All that we see or know perishes and is changed. Life and thought
differ indeed from everything else. But that it survives that
period, beyond which we have no experience of its existence, such
distinction and dissimilarity affords no shadow of proof, and nothing
but our own desires could have led us to conjecture or imagine.
Have we existed before birth? It is difficult to conceive the
possibility of this. There is, in the generative principle of each
animal and plant, a power which converts the substances by which
it is surrounded into a substance homogeneous with itself. That
is, the relations between certain elementary particles of matter
undergo a change, and submit to new combinations. For when we use
the words PRINCIPLE, POWER, CAUSE, we mean to express no real being,
but only to class under those terms a certain series of co-existing
phenomena; but let it be supposed that this principle is a certain
substance which escapes the observation of the chemist and anatomist.
It certainly MAY BE; though it is sufficiently unphilosophical
to allege the possibility of an opinion as a proof of its truth.
Does it see, hear, feel, before its combination with those organs
on which sensation depends?
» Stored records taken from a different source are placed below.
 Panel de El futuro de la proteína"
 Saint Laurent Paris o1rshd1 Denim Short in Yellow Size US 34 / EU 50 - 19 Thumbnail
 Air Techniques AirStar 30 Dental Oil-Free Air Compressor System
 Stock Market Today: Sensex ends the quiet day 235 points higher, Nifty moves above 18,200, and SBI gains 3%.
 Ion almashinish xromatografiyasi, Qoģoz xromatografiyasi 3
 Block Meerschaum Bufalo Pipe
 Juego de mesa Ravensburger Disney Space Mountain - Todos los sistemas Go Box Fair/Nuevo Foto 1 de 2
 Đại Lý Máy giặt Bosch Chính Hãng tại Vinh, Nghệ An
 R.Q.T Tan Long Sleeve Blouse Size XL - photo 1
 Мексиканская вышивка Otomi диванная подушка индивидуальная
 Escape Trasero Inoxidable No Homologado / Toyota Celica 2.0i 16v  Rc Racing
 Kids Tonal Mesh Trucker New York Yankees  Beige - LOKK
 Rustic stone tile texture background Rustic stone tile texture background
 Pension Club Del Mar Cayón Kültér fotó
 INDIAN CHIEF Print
Does it reason, imagine, apprehend,
without those ideas which sensation alone can communicate? If we
have not existed before birth; if, at the period when the parts
of our nature on which thought and life depend, seem to be woven
together; if there are no reasons to suppose that we have existed
before that period at which our existence apparently commences,
then there are no grounds for supposition that we shall continue
to exist after our existence has apparently ceased. So far as
thought is concerned, the same will take place with regard to use,
individually considered, after death, as had place before our birth.